Never knew Sweden was a city
Thank you for the info


----------



## Minato ku (Aug 9, 2005)

Marco_ said:


> Because Paris is not in the top 3 list?


Nope
Because these threads always made City vs City.
facts without source... a big chauvinist
Look at every threads with a similar title all was closed..

When a moderator like Tuberman or Wifox will see this thread it will be closed.


----------



## refluS (Aug 14, 2007)

whaha 

yes, people can not accept the way that Amsterdam and Antwerp have the most...

number 177 is a person from Malawi who now lives in Amsterdam.
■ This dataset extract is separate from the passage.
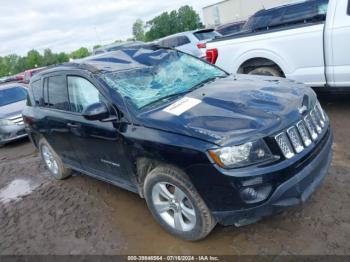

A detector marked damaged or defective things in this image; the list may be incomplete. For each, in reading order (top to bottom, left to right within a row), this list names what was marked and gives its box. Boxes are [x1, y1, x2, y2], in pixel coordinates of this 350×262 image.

shattered glass [100, 50, 227, 108]
damaged windshield [101, 50, 227, 108]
and its a fact... check the newspapers..

and Amsterdam has always the most, just check the internet.


----------



## Shukie (Mar 29, 2007)

I'll take this with a grain of salt until you actually come up with some credible sources, aside from 'Dutch newspapers'.


----------



## PedroGabriel (Feb 5, 2007)

i'm not surprised, and if you consider that Amsterdam is more smaller than NYC, it is easily to see why it is not just more diverse, but way much more diverse.


----------



## Cymen (Jan 27, 2003)

Obscene said:


> Sweden has an area of about 15,000 where 127 nationalities lives.
> Sweden won!


Same for Amsterdam...


----------



## Obscene (Jul 22, 2007)

Marco_ said:


> Never knew Sweden was a city
> Thank you for the info


you got jokes.
stockholm it is.

im sure amsterdam has one too.

but i doubt amsterdam can compare to new york, paris and london for example considering its size. (per capita im sure it can, thought)


----------



## refluS (Aug 14, 2007)

It has nothing to do with how big the city is, but how much nationalities there are.
And Amsterdam has 177 of them.
So Amsterdam has the title!


----------



## Jero (Jul 31, 2007)

Yes, Amsterdam has the title. On the news, newspapers, news internetwebsites(http://www.nieuwnieuws.nl/archives/2007/08/amsterdam_kent_meeste_national.html), they all say it. Why would they say that if it isn't true?


----------